Are you an Ed Sheeran fan? Are you the type to pay a fortune to hear him sing songs by other artists or even your own songs? Do you want to flex to your friends that Ed Sheeran gave you a shoutout even though he practically didn't? Well, this is app is for you! We all are Ed Sheeran fans and thought this application would bring joy to all other fans across the globe!
🤔 What it does
Users can enter words or lyrics and make Ed Sheeran sing those words/lyrics. Users can also download the generated audio file and share it with their friends!
😍 How we built it
Our entire web application was built using React; we designed our frontend using Figma; our backend is mainly based on node.js We used Google Cloud's speech-to-text API to classify all the words in Ed Sheeran's songs.

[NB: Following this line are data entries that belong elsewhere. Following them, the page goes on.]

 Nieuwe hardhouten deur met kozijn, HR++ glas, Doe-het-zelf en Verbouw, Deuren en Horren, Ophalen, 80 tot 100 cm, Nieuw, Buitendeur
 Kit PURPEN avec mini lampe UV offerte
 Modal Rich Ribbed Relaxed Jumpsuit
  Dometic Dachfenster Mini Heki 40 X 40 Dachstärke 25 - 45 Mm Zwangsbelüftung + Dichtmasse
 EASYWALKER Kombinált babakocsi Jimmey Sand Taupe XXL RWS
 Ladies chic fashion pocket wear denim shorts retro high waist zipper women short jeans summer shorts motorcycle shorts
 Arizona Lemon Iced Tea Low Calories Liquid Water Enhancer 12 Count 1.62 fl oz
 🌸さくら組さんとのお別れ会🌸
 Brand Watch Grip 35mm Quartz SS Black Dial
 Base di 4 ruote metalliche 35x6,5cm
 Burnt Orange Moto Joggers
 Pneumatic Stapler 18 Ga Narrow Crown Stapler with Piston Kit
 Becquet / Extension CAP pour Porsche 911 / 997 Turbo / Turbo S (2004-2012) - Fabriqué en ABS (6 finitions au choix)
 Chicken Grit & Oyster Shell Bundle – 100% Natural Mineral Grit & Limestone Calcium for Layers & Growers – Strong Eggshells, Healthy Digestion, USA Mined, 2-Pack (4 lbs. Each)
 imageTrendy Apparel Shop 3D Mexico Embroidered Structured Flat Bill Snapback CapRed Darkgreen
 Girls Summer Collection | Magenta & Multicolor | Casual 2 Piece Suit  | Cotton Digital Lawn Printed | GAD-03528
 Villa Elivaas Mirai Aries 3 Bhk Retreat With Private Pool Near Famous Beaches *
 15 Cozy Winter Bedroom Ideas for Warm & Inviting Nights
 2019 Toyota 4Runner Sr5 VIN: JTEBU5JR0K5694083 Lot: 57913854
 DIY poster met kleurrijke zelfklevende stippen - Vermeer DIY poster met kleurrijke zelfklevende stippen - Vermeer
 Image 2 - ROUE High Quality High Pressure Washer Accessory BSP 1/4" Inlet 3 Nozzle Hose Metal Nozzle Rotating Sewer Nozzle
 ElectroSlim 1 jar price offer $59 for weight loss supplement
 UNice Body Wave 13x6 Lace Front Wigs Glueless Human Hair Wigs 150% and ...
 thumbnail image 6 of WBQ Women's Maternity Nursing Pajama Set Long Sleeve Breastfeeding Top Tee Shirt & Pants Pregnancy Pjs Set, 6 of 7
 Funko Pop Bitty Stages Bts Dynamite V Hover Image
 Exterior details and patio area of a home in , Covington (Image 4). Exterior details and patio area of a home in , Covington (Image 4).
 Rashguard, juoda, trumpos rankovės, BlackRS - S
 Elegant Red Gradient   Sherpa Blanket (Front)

We then stored words in buckets on a CockroachDB cluster. In our backend, to process and concatenate words send in from the client-side/user, we used FFmpeg (since our audio files were in .wav and not .mp3). We used Twilio SendGrid to send the Ed Sheeran-generated audio file to other people's emails.
😢 Challenges we ran into
We ran into many challenges, one of them being Cloud's speech-to-text API not understanding Ed Sheeran's accent and classifying the wrong words. Another challenge we faced was with the timestamp function from google Cloud's speech-to-text API. For some reason, words were given timestamps of .01 seconds, which was so frustrating!!! But we pulled through by adding more conditional statements and slowing down the audio as well as editing the config variable to recognize en-GB, or in other words, British accents better. I guess this portrays the digital divide and bias Cloud's speech recognition API has towards people with accents different than the American accent. Come on Google :(
🙌 Accomplishments that we're proud of
We are so proud that we were able to build a working product, even with the time constraint, for judges to test out(link below).
😎 What we learned
We learned how to use the FFmpeg software, Cloud's text-to-speech API, CockroachDB, and Twilio SendGrid.
😉 What's next for Help Ed Sing
Something we really wanted to work on was the cohesion of sounds and some more similarity word embeddings to make the output/generated audio of Ed singing more natural and smooth. Perhaps Ed will get a duo.... Maybe Adele, Harry Styles?